Shannon Boisvert shared video of her four-year-old horse Coco visibly alarmed after fireworks were set off near her farm over the weekend.
She said fireworks have been going off with greater frequency in the lead-up to Halloween and that Saturday night was particularly bad, with screecher fireworks going off just metres from her property.
"If I know that they're going to happen at night I make sure that the horses are in, but it's just been day and night for three weeks," Boisvert said. "I'm exhausted, they're stressed and not eating. My little horse…she was considering going right through the fence."
She said one of her horses even ended up straining a tendon after running in tight circles.
"These are not small animals. They're over 1,000 pounds," she said. "Their only defence is to run. They just go into flight mode, and if a person is in the way, or a fence is in the way, they'll just run over or through it."
No humans or animals were injured as a result of the ensuing panic, but Boisvert is asking people who buy fireworks to use them responsibly.
CVRD bylaws allow the sale and use of fireworks around Halloween with necessary permits, but stipulate that they cannot be set off within 500 metres of livestock.
That hasn't always been the case this October, Boisvert said.
"They're not even 200 metres," she said. "If they're in the distance it's not as scary."
Fines for anyone who breaks the bylaw can face a $250 fine from bylaw enforcement.
Rob Conway, Manager of Inspections and Enforcements for the CVRD, said calls for fireworks violations always peak around Halloween.
"Definitely, that's the busiest time of the year for fireworks.

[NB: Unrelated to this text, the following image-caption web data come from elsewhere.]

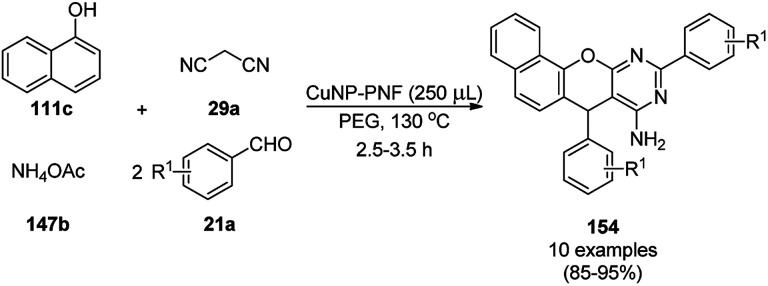 Scheme 66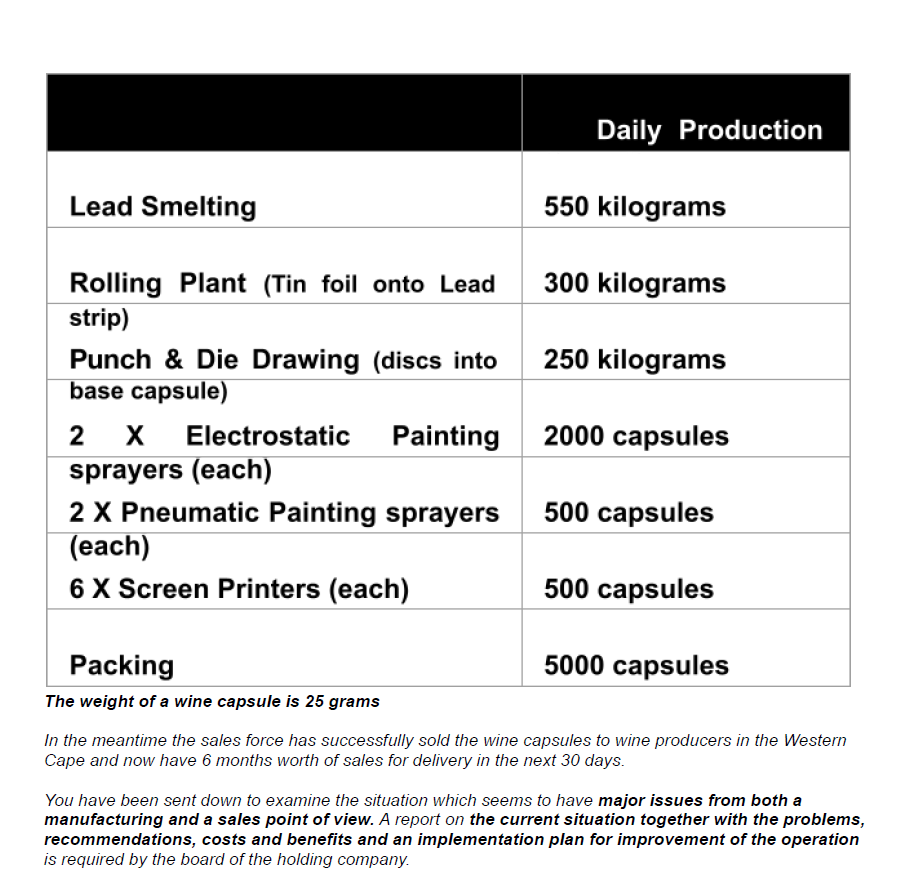 Section B (60 Marks) Analyse the business
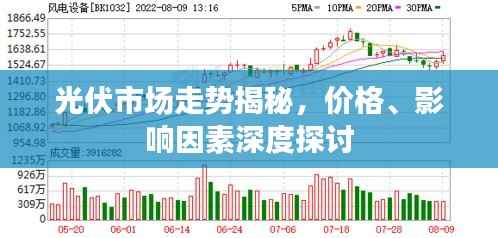 光伏市場走勢揭秘，價格、影響因素深度探討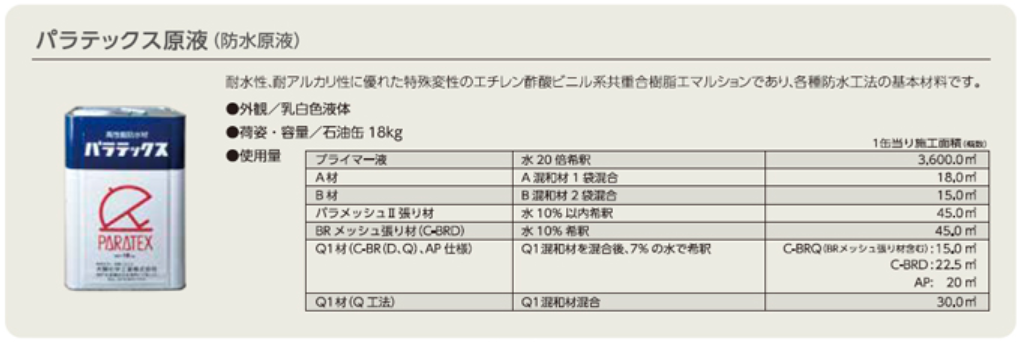 パラテックス 原液 18kg 防水原液 エチレン酢酸ビニル系共重合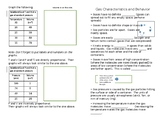 Gas Characteristics and Gas Laws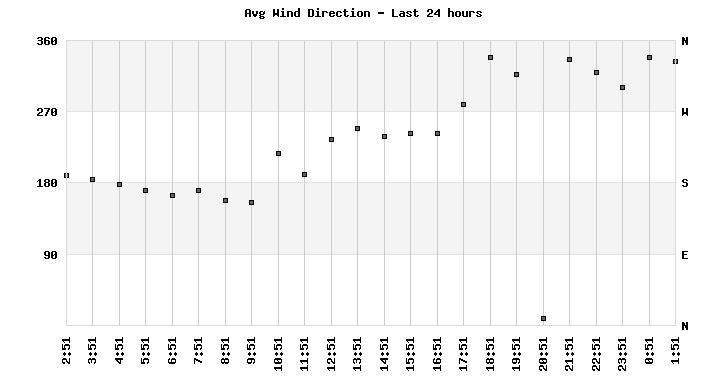 Avg Wind Direction last 24 hours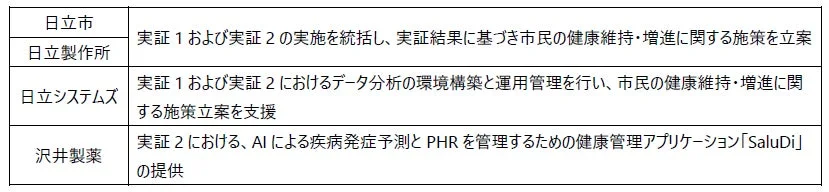 この画像は、日立市、日立製作所、日立システムズ、沢井製薬が連携して実施する実証実験の役割分担を示しています。日立市は実証の統括と施策立案、日立システムズはデータ分析環境の構築と運用、沢井製薬はAIによる疾病予測とPHR管理アプリ「SaluDi」を提供し、市民の健康維持・増進を目指す取り組みです。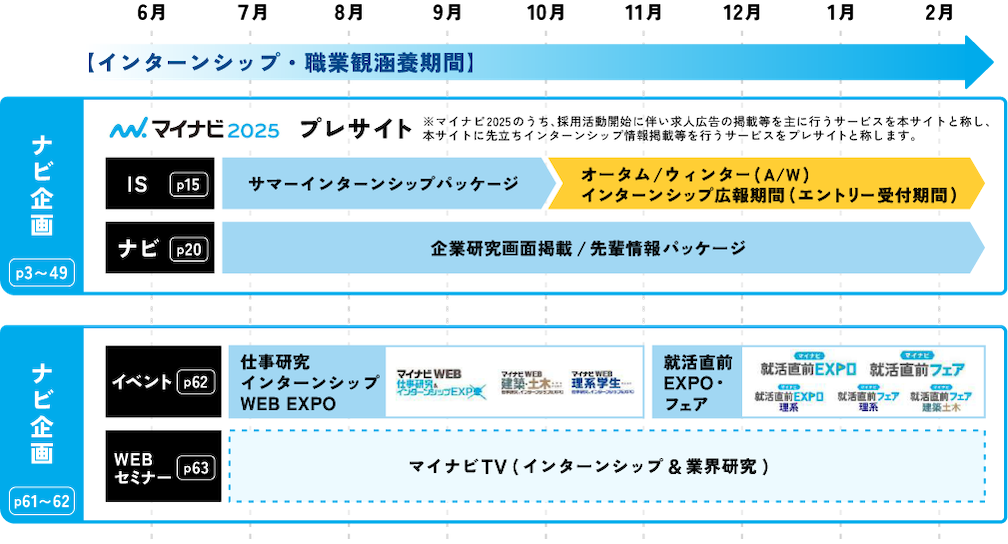 入門編 バナー広告とは？基本から実践まで完全ガイド
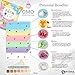 Rainbow Bar Soap + Bubble Foaming Net | Thailand-Style Mixed Color Soap that Lightens Skin & Reduces Dark Spots + Bonus Soap Net Included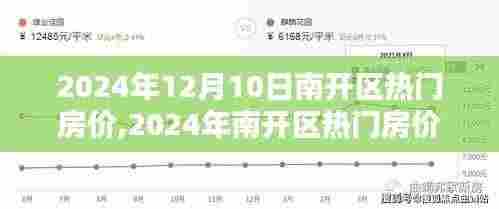 2024年南开区热门房价及走势分析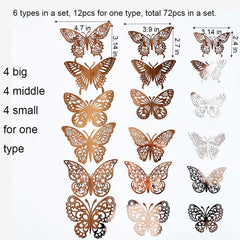 TVPHLLY rose gold butterflies in classroom display create engaging learning environment.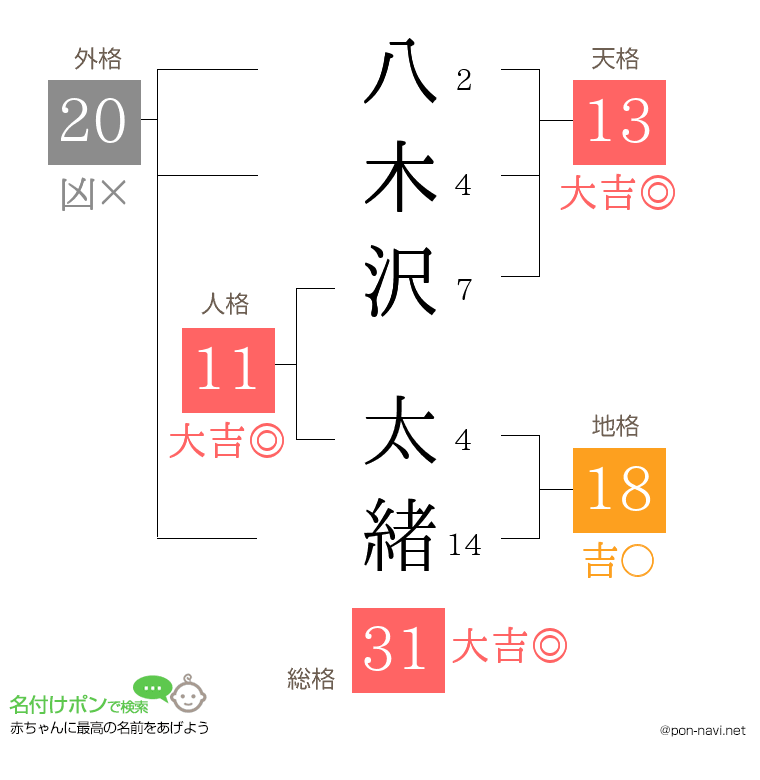 八木沢 太緒さんの姓名判断結果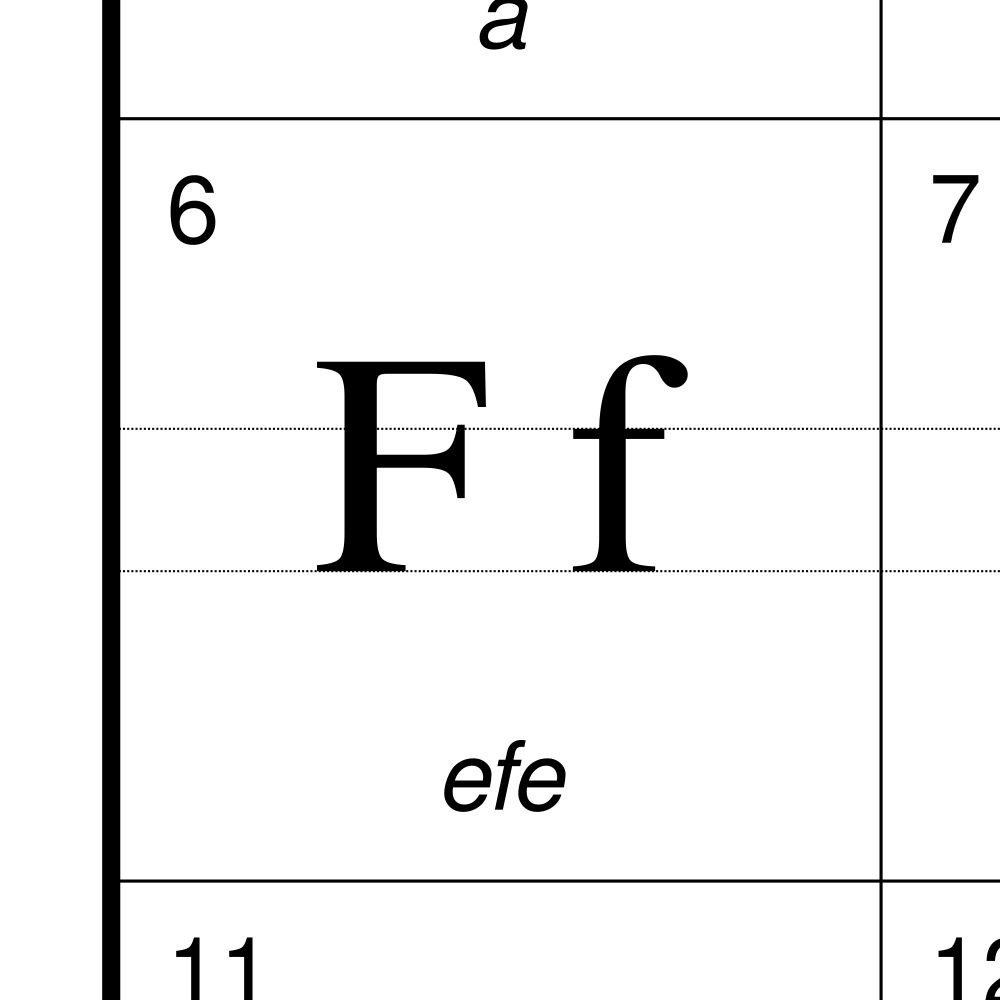 Leskoff Asturian Alphabet Chart, 23.4 x 33.1 in (59.4 x 84.1 cm, Poster / Wall Chart), image 2 of 2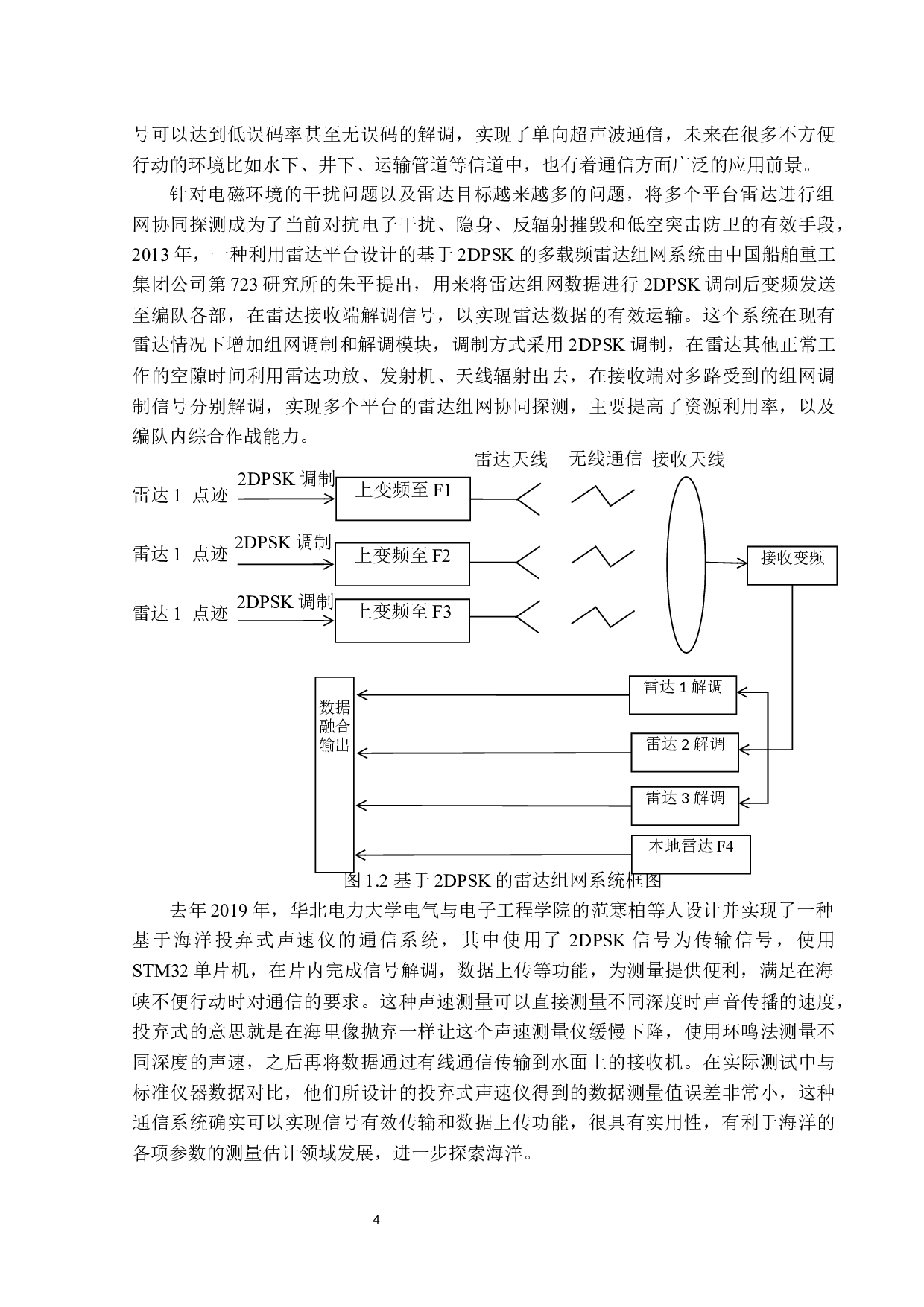 2DPSK传输系统及仿真-14021字.docx 第7页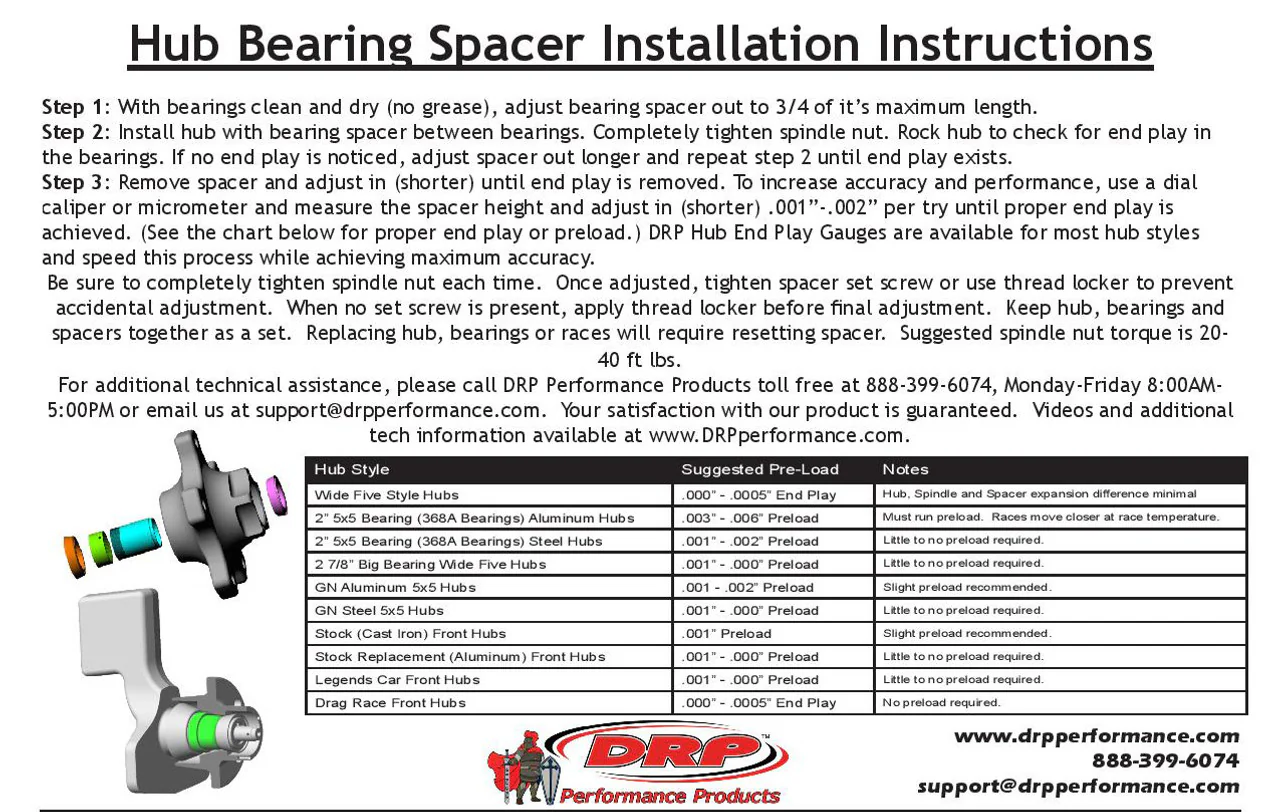 DRP Midget Bearing Spacer Hub Defender - Image 2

This year we're hearing a little bit more than we have in the past," he said.
He said officers generally issue a warning at first to anyone breaking the rules before escalating to a fine.
He also called on fireworks users to be courteous to neighbours by giving them a heads up – something Boisvert echoed.
"I think most people just don't understand," she said. "Just respect those rules otherwise people are going to be hurt, and animals are going to be injured."